** What to work on **
Using the records below, transcribe word for word the stretch from the line that contains "Sterling Silver Polished" through the line that contains "Floral Embroidery Lace", both end lines included, and nothing else.

** Listed records **

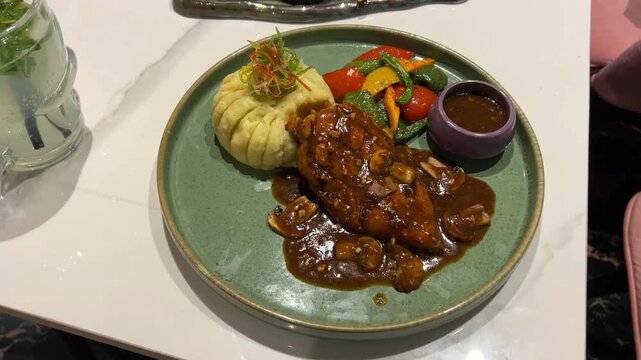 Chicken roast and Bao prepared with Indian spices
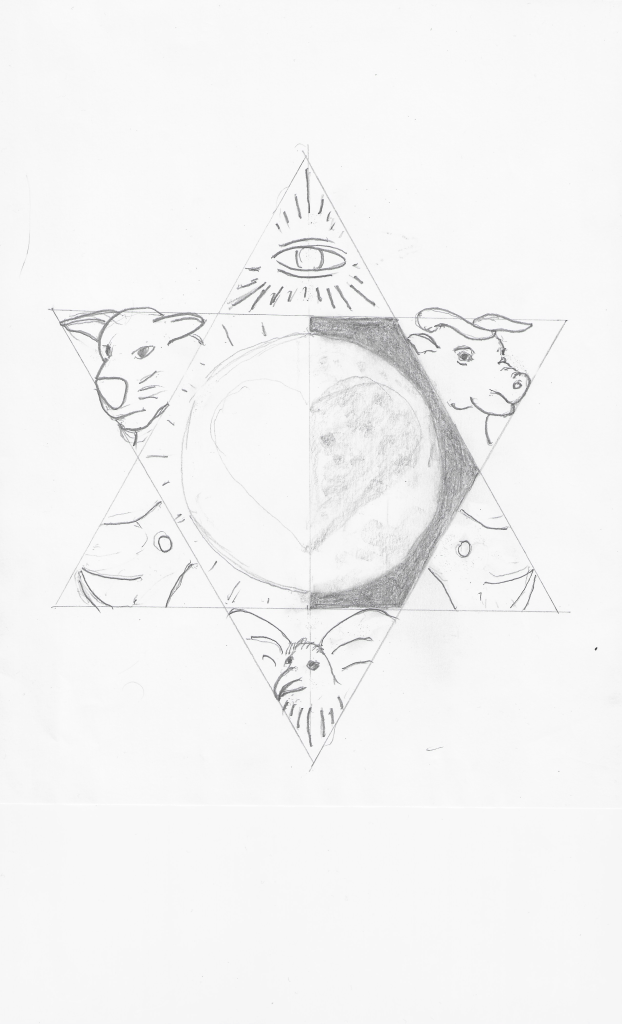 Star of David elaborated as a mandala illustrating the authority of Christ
---
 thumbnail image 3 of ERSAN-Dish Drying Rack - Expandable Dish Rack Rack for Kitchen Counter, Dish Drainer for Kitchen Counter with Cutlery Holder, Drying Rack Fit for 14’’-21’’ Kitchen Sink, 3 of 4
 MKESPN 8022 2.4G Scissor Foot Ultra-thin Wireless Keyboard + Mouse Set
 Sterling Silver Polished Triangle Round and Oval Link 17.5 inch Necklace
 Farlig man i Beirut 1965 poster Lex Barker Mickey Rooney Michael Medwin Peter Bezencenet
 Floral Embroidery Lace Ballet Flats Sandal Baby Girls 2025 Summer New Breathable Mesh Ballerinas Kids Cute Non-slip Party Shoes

** Reply **
 Sterling Silver Polished Triangle Round and Oval Link 17.5 inch Necklace
 Farlig man i Beirut 1965 poster Lex Barker Mickey Rooney Michael Medwin Peter Bezencenet
 Floral Embroidery Lace Ballet Flats Sandal Baby Girls 2025 Summer New Breathable Mesh Ballerinas Kids Cute Non-slip Party Shoes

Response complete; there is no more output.